Googlebot name	User-agent string
Googlebot Smartphone	Mozilla/5.0 (Linux; Android 6.0.1; Nexus 5X Build/MMB29P) AppleWebKit/537.36 (KHTML, like Gecko) Chrome/W.X.Y.Z Mobile Safari/537.36 (compatible; Googlebot/2.1; +http://www.google.com/bot.html)
Googlebot Desktop	Mozilla/5.0 AppleWebKit/537.36 (KHTML, like Gecko; compatible; Googlebot/2.1; +http://www.google.com/bot.html) Chrome/W.X.Y.Z Safari/537.36 Sometimes: Mozilla/5.0 (compatible; Googlebot/2.1; +http://www.google.com/bot.html) Googlebot/2.1 (+http://www.google.com/bot.html)
Googlebot Image	Googlebot-Image/1.0
Googlebot Video	Googlebot-Video/1.0
Googlebot News	uses standard Googlebot strings
Google StoreBot Mobile	Mozilla/5.0 (Linux; Android 8.0; Pixel 2 Build/OPD3.170816.012; Storebot-Google/1.0) AppleWebKit/537.36 (KHTML, like Gecko) Chrome/W.X.Y.Z Mobile Safari/537.36
Google StoreBot Desktop	Mozilla/5.0 (X11; Linux x86_64; Storebot-Google/1.0) AppleWebKit/537.36 (KHTML, like Gecko) Chrome/W.X.Y.Z Safari/537.36
Google-InspectionTool Mobile	Mozilla/5.0 (Linux; Android 6.0.1; Nexus 5X Build/MMB29P) AppleWebKit/537.36 (KHTML, like Gecko) Chrome/W.X.Y.Z Mobile Safari/537.36 (compatible; Google-InspectionTool/1.0;)
Google-InspectionTool Desktop	Mozilla/5.0 (compatible; Google-InspectionTool/1.0;)
GoogleOther	Mozilla/5.0 (Linux; Android 6.0.1; Nexus 5X Build/MMB29P) AppleWebKit/537.36 (KHTML, like Gecko) Chrome/W.X.Y.Z Mobile Safari/537.36 (compatible; GoogleOther) Mozilla/5.0 AppleWebKit/537.36 (KHTML, like Gecko; compatible; GoogleOther) Chrome/W.X.Y.Z Safari/537.36
GoogleOther-Image	GoogleOther-Image/1.0
GoogleOther-Video	GoogleOther-Video/1.0
Google-CloudVertexBot	Google-CloudVertexBot
Google-Extended	uses standard Googlebot strings

Chrome/W.X.Y.Z in the user-agent strings is a placeholder and will be the latest version of Chrome used by Googlebot.

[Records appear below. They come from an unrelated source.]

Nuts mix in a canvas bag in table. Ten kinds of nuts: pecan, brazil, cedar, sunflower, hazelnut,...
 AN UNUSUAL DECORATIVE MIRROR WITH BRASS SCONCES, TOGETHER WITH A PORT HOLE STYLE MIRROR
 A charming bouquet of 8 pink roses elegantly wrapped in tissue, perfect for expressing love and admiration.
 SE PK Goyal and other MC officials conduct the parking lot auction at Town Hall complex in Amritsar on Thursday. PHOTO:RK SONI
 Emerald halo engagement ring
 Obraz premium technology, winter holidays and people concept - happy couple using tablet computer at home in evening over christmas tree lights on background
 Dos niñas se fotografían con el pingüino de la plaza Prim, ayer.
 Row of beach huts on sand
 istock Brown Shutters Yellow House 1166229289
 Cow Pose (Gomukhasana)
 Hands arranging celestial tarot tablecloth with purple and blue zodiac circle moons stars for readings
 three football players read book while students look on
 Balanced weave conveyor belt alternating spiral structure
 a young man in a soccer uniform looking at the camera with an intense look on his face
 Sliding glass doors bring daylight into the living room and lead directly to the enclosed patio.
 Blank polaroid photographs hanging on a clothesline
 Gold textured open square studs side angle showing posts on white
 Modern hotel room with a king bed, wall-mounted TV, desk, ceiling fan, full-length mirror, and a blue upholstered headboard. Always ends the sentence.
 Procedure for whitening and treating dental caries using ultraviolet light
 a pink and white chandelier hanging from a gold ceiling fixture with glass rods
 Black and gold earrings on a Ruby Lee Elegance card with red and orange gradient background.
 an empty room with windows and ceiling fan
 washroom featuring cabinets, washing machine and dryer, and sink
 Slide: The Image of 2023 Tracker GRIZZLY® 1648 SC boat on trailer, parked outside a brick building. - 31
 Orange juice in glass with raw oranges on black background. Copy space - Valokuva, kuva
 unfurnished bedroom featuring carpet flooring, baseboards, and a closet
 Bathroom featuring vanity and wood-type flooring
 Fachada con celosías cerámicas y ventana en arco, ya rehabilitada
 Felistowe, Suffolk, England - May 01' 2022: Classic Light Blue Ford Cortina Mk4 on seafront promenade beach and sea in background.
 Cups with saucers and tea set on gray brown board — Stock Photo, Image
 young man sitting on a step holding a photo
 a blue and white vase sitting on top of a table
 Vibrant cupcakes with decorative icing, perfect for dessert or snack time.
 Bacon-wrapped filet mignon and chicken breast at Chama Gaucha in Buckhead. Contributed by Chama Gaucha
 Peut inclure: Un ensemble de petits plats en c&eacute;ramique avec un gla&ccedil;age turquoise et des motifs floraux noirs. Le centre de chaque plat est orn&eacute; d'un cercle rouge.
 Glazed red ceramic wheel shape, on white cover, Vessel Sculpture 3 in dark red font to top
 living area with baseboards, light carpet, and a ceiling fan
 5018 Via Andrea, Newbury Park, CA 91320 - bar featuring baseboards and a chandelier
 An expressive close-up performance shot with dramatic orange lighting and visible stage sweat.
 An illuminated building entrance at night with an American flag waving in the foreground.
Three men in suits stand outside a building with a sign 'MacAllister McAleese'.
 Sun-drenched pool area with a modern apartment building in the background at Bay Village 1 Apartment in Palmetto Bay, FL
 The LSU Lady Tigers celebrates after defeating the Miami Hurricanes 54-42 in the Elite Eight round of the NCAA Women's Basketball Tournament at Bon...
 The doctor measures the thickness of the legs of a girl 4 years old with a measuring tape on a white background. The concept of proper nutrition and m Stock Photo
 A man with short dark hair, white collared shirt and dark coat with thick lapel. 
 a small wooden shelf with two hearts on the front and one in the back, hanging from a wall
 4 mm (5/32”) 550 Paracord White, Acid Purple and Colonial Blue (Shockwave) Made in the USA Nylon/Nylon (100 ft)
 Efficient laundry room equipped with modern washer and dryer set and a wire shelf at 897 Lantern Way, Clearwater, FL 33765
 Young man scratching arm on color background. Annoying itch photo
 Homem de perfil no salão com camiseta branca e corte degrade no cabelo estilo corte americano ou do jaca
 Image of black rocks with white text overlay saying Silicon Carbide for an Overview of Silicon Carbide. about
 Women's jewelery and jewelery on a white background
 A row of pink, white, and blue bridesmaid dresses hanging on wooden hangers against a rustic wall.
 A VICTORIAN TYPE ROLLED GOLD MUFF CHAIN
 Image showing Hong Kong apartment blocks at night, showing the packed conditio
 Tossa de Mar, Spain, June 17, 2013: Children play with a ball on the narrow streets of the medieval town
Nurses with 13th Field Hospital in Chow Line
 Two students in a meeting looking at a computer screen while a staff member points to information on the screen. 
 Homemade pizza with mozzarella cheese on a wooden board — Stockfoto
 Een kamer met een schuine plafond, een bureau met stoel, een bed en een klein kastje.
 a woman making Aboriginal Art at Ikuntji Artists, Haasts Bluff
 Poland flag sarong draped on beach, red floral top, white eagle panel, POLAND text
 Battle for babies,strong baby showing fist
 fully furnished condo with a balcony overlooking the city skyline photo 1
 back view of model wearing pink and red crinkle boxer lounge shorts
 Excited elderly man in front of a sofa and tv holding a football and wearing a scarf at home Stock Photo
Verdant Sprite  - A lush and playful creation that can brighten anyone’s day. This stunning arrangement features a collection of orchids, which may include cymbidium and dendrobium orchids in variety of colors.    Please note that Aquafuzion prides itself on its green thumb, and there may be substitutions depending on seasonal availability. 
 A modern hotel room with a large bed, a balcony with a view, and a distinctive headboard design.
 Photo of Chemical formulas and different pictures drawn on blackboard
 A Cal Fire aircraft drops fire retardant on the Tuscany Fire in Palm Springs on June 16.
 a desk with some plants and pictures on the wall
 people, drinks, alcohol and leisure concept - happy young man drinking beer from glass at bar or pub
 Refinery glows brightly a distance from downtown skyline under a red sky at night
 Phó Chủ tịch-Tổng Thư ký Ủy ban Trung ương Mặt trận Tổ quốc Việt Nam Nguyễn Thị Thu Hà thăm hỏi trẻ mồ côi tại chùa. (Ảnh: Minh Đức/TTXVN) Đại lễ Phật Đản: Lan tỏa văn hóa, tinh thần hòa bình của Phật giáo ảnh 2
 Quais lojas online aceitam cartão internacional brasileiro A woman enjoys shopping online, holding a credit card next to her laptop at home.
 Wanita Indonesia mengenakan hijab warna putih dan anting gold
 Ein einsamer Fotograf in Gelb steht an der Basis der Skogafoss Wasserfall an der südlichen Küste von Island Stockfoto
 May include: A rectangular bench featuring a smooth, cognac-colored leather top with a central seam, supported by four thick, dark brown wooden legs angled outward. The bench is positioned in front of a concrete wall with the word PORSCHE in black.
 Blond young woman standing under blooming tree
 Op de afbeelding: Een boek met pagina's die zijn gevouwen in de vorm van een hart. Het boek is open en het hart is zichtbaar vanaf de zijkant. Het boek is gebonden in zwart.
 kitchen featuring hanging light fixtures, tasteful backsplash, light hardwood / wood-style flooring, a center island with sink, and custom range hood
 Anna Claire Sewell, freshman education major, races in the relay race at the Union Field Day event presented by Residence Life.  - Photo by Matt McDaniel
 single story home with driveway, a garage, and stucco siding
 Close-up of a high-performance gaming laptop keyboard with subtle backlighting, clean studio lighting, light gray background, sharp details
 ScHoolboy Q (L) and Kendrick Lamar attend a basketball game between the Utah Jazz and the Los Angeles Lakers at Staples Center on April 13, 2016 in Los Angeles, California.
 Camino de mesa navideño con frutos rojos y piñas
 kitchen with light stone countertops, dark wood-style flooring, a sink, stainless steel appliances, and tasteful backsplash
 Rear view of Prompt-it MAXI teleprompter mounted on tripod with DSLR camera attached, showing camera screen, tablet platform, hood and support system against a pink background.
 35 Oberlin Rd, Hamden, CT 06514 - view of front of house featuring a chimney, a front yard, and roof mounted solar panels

Googlebot runs on thousands of machines. They determine how fast and what to crawl on websites. But they will slow down their crawling so as to not overwhelm websites.

Googlebot is the fastest crawler on the web according to Cloudflare Radar, with Ahrefsbot being the 2nd fastest.

If we look at that by the percentage of HTTP requests, Googlebot is 23.7% of the overall requests from good bots. Ahrefsbot is 14.27% and just for comparison, Bingbot is 4.57% and Semrushbot is 0.6%.

Let’s look at their process for building an index of the web.

Google has shared a few versions of its pipeline in the past. The below is the most recent.

Flowchart showing how Google builds its search index

Google starts with a list of URLs it collects from various sources, such as pages, sitemaps, RSS feeds, and URLs submitted in Google Search Console or the Indexing API. It prioritizes what it wants to crawl, fetches the pages, and stores copies of the pages.

These pages are processed to find more links, including links to things like API requests, JavaScript, and CSS that Google needs to render a page. All of these additional requests get crawled and cached (stored). Google utilizes a rendering service that uses these cached resources to view pages similar to how a user would.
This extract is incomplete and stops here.